Dr. Allen E. Goldenthal is the author of the Kahana Chronicles series of books available on Amazon in paperback and Kindle versions
As mentioned in the previous chapter,had there not been the advent of Rabbanism, then there would have been no such thing as Karaism as everyone of us would be painted with only one label. So it is relevant to try and pinpoint the birth of Rabbanism in order to know at what point a counter had to either exist or be initiated. Either Karaism was already in existence to which Rabbanism was a direct response, or it was forced into existence from a prior prototype in order to oppose the growing influence of the Rabbanites. If we can identify the threshold where the schism occurs, then we can probably identify the birth of at least one, if not both of the factions.
Prophecy of The Schism
To identify the birth of Rabbanism, we need to examine an old Karaite document entitled Hilluk or in English, simply Schism. In this book, the author believes he can already detect the first indications of the Rabbanites in a few of the last prophetic books that make up the Tanach. The author believes that the Book of Malachi comments on the rise of these early Rabbanites where it is written that ‘The doctors of the Law are guilty of great negligence. The priests, who should have passed the knowledge of the law from their own lips, so that people would continue to come to them for advice on the law, became preoccupied by other matters, which caused many to stumble themselves at the law and thus corrupted the covenant of the Priests.’ (Mal. II, 7-8). Although we don’t know exactly when Malachi lived, we do know that the second Temple services had been restored for a long time already and the initial enthusiasm was gone. A dating around 400 BCE would be appropriate and in Malachi’s words, the failure of the priesthood to teach the law resulted in others picking up the mantle but in so doing, these so called doctors of the law corrupted the laws through their misunderstanding of it.

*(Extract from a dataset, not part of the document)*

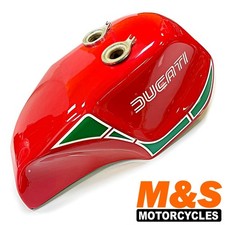Gfk kraftstofftank für - kraftstofftank, ducati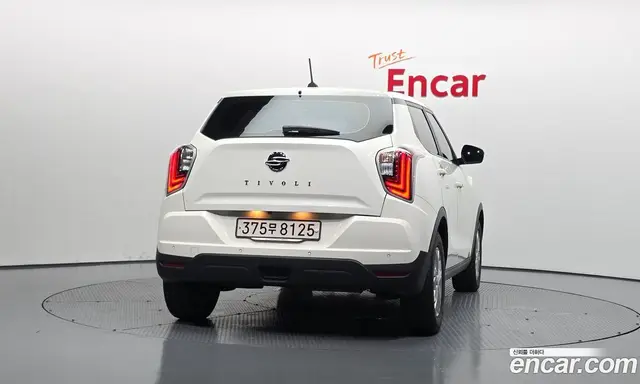 SsangYong TIBOLI 2020 1.6 автомат (гидро), миниатюра 4 SsangYong TIBOLI 2020 1.6 автомат (гидро), миниатюра 4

As we turn to Malachi once more to see him writing that the priests said there was little profit in serving God and keeping all his ordinances. They pointed out that those that defied God, seemed to profit greatly and were never punished. (Mal. III, 13-15). There is an obvious disillusionment with the old way of life making it rife for others to come along and promise the people a better life if they begin to follow them Zechariah added his own voice to the issue by suggesting even the courts had become corrupted. (Zech VIII, 16-17). If we look solely at the prophetic nature of these writings, then we can select the time as being when the Great Council was no longer under the control of the High Priest and the seats were occupied by lesser men. To be precise, we would be looking at the Hasmonean uprising, when the Jews battled their Syrian overlords and freed themselves from the yoke of tyranny under Antiochus Epiphanes. Following the war against the Syrian Greeks, the High Priesthood was stripped away from the Oniads, the rightful High Priests of the Temple, and the Great Council was replaced by the Sanhedrin, a lower court filled with lesser men.

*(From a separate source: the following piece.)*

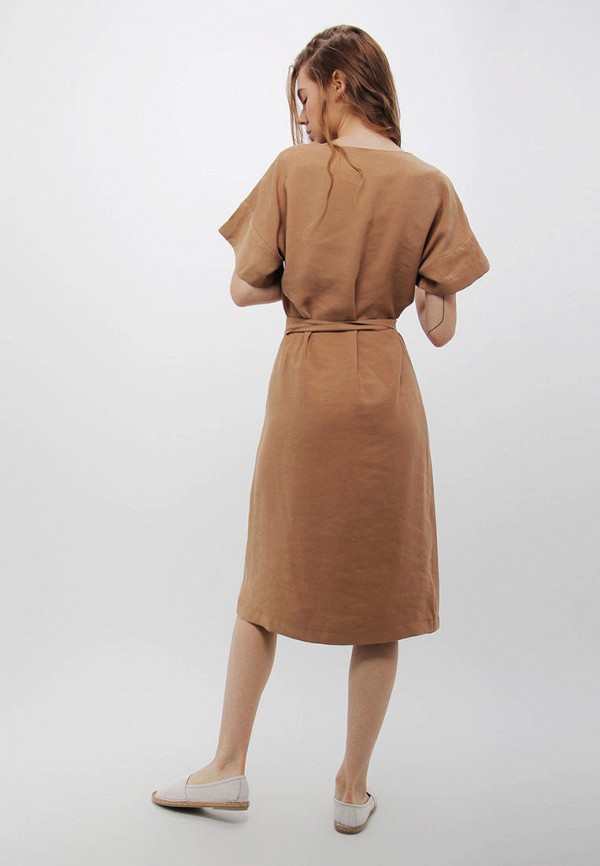 

Платье Dasti, Коричневый, Dasti MP002XW0DNXK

The years of fighting by the Maccabees meant abandoning the Temple services for the duration of those several years but the Holy Place was already considered contaminated because of Antiochus’s defilement and therefore could not be used until cleansed and rededicated. This vacuum permitted these so called ‘wise men’ to begin teaching their own brand of religion, moving the practices and religion away from the sacred Temple, the Source of Living Power, and devising a new reformation. They had no authorization to do so but nonetheless, they relied on the gullibility of the people to follow their instruction. One of their first acts was to make as many disciples as possible to spread their brand of religion. The author writes, had they been well intended and truthful, then it might have been acceptable, but these Rabbis were ‘utterly’ insufficient, in his own words. They assessed their own righteousness through a scale of their own making, this abomination they referred to as the Oral Law. The author writes, “Instead of a fortress of eternal truth, these Tanaim, doctors of tradition, did no more than prepare for coming generations an ever crumbling heap of their own empty sayings.”

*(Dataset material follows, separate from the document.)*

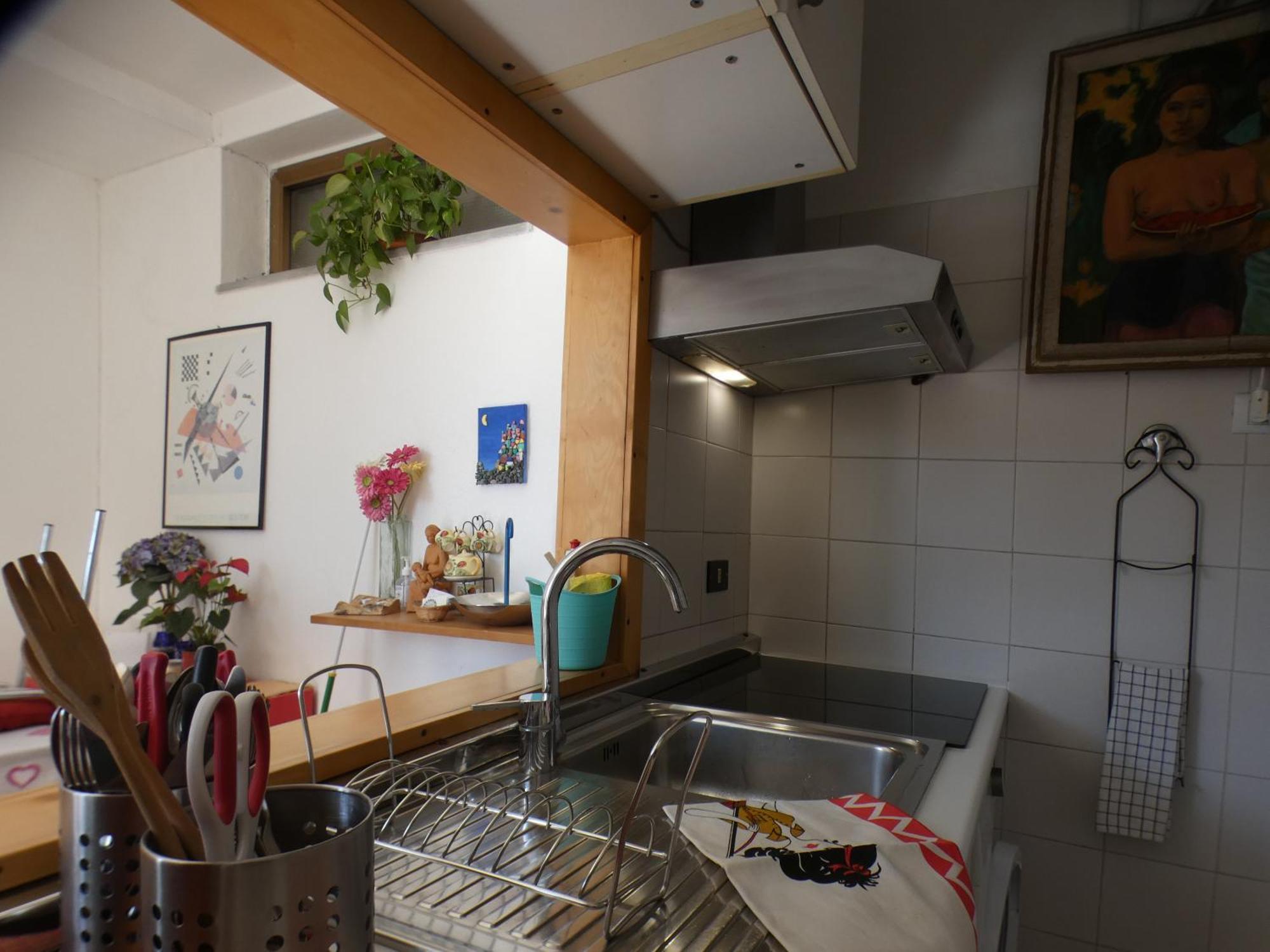 Casa Alice Apartment Специя Екстериор снимка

Contention Regarding the Sabbath
The author does not intend to suggest that these wise men intentionally went out of their way to abrogate the laws of Moses. In fact, he believes they actually may have wanted initially to steer the people back to the law in the face of a failing priesthood to do so. But their fault was in thinking that by supplementing the Law with their own injunctions, rather than just enforcing the law as it was written, they would succeed. He points out that rather than enforce the right observances of the Sabbath Day, these Rabbanites added what they called Sabbath Keepings, by instructing that part of the day prior should be added to the Sabbath day (3 hours) for preparation. Even their concept of what was prohibited on the Sabbath Day was corrupted. The Karaites interpreted Malacha as referring to ordinary business. But the Rabbanites made it unlawful to do any activity such as swim or climb a tree, which he uses as his examples, things which one does not do ordinarily but only on a day when relaxing. As soon as the Rabbanites made it oppressive to observe the Sabbath, that was the day they alienated half of the population. The Sabbath was intended to be a joyous occasion to celebrate God’s creation but by preventing activities that brought pleasure and suggesting the entire day must be spent in prayer only served to eliminate the one day that families could engage in relaxing activities of their own. They pointed out that it specified that on this day God rested and relaxed, which the non-Pharisees also interpreted as suggesting once they gave thanks then they too should also rest and relax. The priests would spend the day giving their thanks through their services on behalf of the people who would then benefit from the freedom they were given. Now these rabbis wanted to take that freedom away.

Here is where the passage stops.